Consider build system revisions

[brghena]

The current Make build system has become unwieldy.

Some particular reasons for this that I can list off the top of my head:

• Some of it is due to the need to check things about or within files. We use a bunch of tools, not just Tockloader and elf2tab, but also perl and test. These can add hidden dependencies and variation between dev environments (Linux vs MacOS).
• We have many flags and configurations for GCC and other tooling. Many of those can be set to defaults, but occasionally we have change those defaults. So variables have to be made available to configure these.
• The biggest issue is support for multiple architectures. Each architecture will have its own configurations and its own build rules. But the build rules share more than they differ, so we created a system to generate build rules for each architecture for a set of standard build rules. This is quite hard to follow (at one point we get four $ variable escapes deep!). This has been exacerbated by the need for hard-coded application addresses on RISC-V. Currently libtock-c builds for 17 targets, 4 ARM and 13 RISC-V (many of which differ only in memory addresses).
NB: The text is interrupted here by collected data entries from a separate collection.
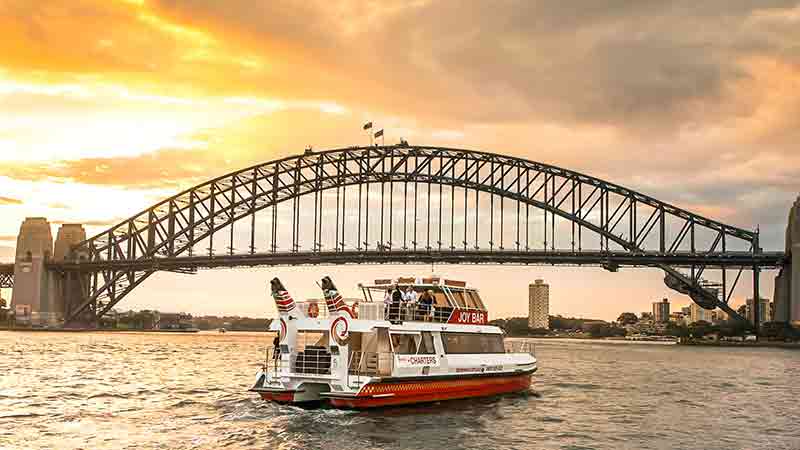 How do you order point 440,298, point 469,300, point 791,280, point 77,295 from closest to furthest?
point 440,298 < point 469,300 < point 791,280 < point 77,295

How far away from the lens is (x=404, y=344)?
32.2m

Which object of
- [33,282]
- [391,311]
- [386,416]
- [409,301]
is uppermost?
[33,282]

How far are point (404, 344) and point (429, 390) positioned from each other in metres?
1.83

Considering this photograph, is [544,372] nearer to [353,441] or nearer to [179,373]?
[179,373]

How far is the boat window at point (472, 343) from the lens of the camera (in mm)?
34406

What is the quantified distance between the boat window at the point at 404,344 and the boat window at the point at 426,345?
265 mm

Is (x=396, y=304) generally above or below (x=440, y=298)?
below

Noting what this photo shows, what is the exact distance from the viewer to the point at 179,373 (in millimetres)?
48688

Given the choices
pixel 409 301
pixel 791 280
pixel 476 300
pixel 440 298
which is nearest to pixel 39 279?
pixel 791 280

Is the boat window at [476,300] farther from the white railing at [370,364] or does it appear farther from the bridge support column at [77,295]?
the bridge support column at [77,295]

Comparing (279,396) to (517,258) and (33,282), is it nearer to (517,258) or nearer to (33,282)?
(517,258)

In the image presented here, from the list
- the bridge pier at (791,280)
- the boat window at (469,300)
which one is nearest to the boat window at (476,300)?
the boat window at (469,300)

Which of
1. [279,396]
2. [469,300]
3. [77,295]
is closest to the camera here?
[279,396]

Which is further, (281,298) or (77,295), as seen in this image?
(77,295) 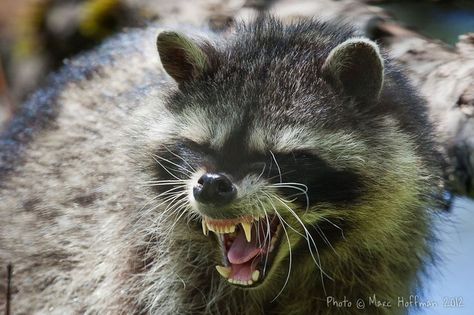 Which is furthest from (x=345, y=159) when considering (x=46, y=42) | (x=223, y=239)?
(x=46, y=42)

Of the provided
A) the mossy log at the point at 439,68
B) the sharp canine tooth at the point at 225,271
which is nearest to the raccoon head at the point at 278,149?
the sharp canine tooth at the point at 225,271

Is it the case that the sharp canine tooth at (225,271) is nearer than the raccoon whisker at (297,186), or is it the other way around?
the raccoon whisker at (297,186)

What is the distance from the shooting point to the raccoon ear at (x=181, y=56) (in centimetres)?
335

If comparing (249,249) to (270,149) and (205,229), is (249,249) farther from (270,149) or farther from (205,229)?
(270,149)

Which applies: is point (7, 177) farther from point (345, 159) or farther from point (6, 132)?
point (345, 159)

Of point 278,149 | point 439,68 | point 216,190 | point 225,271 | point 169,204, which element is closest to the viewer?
point 216,190

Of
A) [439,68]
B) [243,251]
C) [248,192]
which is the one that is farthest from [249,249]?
[439,68]

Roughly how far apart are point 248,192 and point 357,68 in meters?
0.63

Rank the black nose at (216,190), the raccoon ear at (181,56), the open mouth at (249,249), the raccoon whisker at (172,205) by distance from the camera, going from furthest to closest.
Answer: the raccoon ear at (181,56) < the raccoon whisker at (172,205) < the open mouth at (249,249) < the black nose at (216,190)

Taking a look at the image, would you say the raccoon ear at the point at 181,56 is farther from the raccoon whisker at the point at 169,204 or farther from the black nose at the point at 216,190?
the black nose at the point at 216,190

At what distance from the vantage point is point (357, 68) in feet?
10.6

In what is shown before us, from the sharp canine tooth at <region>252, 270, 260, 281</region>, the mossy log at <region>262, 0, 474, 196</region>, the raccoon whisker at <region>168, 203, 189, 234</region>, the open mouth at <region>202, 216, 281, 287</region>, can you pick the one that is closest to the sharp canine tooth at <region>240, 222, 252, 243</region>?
the open mouth at <region>202, 216, 281, 287</region>

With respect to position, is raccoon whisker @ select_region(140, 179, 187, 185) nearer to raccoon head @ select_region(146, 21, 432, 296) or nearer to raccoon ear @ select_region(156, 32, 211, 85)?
raccoon head @ select_region(146, 21, 432, 296)

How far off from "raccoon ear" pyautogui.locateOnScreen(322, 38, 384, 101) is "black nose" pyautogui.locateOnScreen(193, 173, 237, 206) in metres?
0.60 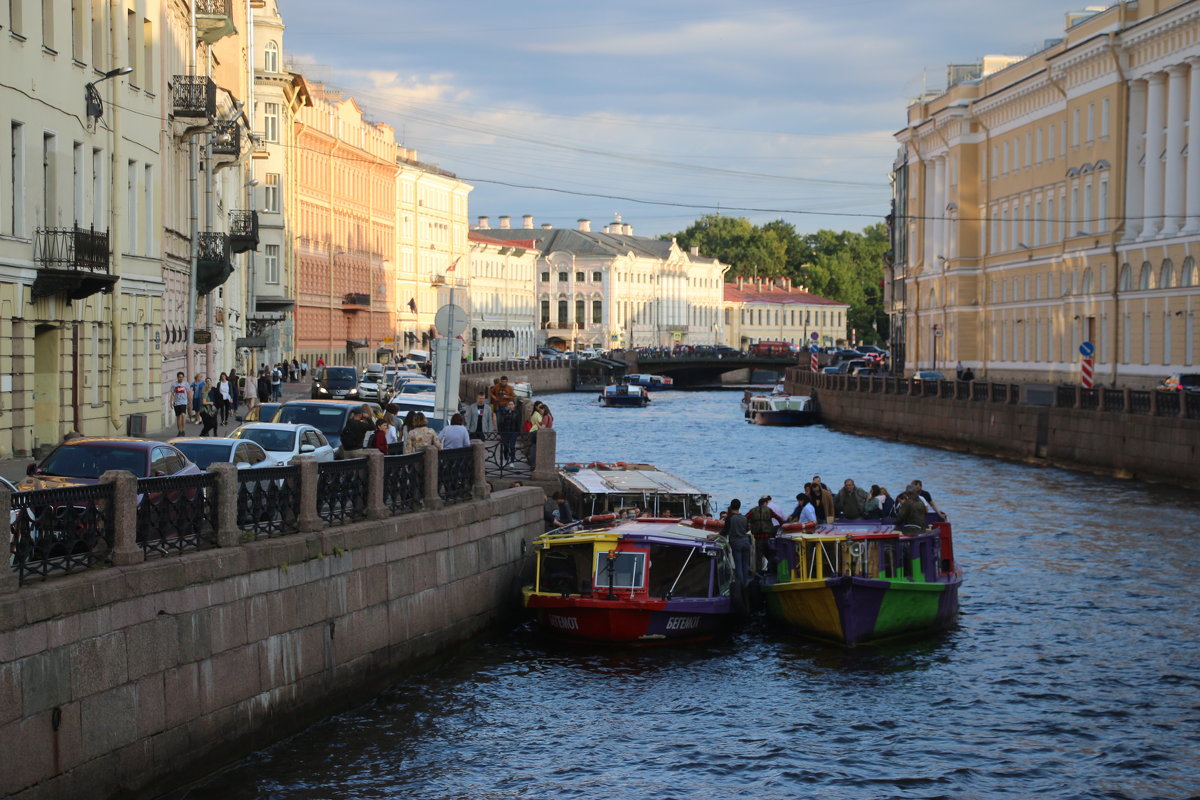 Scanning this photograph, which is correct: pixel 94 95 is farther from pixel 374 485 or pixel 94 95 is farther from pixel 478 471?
pixel 374 485

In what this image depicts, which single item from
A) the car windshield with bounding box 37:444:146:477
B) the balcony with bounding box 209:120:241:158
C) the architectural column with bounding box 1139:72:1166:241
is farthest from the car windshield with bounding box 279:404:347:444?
the architectural column with bounding box 1139:72:1166:241

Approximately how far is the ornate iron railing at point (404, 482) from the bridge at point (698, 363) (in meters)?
112

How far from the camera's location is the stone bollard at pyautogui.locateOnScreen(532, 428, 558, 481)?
28.0 metres

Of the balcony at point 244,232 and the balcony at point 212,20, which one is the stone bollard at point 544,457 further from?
the balcony at point 244,232

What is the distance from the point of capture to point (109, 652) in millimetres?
13852

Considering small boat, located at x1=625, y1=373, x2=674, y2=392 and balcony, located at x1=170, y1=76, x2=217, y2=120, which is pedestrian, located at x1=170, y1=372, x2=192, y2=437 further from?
small boat, located at x1=625, y1=373, x2=674, y2=392

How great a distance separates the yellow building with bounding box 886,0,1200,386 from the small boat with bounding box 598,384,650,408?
15.8 metres

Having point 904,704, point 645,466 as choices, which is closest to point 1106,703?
point 904,704

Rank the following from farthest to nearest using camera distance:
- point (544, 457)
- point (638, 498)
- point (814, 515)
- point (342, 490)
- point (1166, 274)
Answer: point (1166, 274) < point (638, 498) < point (544, 457) < point (814, 515) < point (342, 490)

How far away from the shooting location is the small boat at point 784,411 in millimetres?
81562

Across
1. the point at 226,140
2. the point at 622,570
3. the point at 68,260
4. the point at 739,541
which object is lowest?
the point at 622,570

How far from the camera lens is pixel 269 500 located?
1752cm

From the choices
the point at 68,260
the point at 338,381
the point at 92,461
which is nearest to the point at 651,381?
the point at 338,381

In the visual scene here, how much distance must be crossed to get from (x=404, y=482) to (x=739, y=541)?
6.01 meters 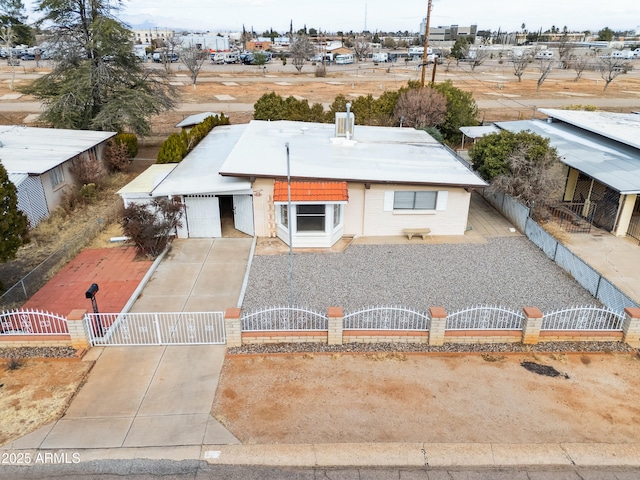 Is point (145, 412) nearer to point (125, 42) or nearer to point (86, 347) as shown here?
point (86, 347)

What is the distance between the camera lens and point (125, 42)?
99.2 feet

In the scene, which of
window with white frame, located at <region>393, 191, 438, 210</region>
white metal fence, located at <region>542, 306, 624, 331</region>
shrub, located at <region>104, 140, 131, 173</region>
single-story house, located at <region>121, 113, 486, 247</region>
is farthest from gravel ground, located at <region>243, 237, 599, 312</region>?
shrub, located at <region>104, 140, 131, 173</region>

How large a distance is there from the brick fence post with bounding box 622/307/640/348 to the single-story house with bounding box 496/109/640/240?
7482 mm

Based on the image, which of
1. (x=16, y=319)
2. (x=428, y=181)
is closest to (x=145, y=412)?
(x=16, y=319)

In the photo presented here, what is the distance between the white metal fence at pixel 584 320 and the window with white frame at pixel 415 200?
682 centimetres

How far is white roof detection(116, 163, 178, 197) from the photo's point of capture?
18550 mm

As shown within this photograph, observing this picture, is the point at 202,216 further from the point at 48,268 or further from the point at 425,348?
the point at 425,348

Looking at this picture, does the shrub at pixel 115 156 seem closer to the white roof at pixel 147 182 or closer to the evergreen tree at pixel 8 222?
the white roof at pixel 147 182

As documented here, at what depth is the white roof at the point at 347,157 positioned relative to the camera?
58.7 feet

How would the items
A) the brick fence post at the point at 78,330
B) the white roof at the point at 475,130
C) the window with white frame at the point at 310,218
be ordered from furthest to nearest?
the white roof at the point at 475,130
the window with white frame at the point at 310,218
the brick fence post at the point at 78,330

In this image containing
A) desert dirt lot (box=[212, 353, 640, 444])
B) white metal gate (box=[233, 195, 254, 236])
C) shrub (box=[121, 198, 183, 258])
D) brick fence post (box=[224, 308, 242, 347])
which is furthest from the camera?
white metal gate (box=[233, 195, 254, 236])

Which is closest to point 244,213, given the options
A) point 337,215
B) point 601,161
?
point 337,215

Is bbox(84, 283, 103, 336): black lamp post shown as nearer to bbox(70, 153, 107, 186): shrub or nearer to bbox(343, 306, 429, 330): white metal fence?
bbox(343, 306, 429, 330): white metal fence

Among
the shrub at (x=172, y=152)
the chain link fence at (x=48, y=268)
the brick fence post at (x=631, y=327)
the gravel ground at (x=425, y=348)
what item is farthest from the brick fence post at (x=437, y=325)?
the shrub at (x=172, y=152) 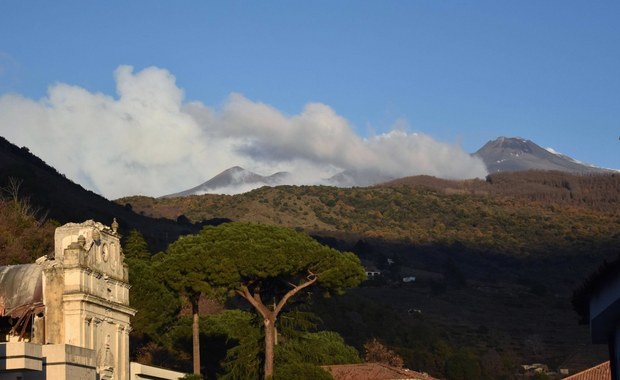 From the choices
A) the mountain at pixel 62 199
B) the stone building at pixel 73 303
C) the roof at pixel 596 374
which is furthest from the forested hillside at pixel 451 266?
the stone building at pixel 73 303

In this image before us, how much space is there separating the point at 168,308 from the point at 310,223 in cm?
12062

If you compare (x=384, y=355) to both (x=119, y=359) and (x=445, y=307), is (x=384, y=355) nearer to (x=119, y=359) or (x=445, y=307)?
(x=119, y=359)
What do we do about this? It's not clear that there's a way to do better with Make. So, we've discussed ideas of changing to a new build system.

Some general things that I personally think we want in any build system:

• Standard tools as much as possible (or at least standard interfaces for users). Being able to "just type make" feels nice.
• Creating a new application that does normal things should be simple. (e.g., just copy-paste an existing build file)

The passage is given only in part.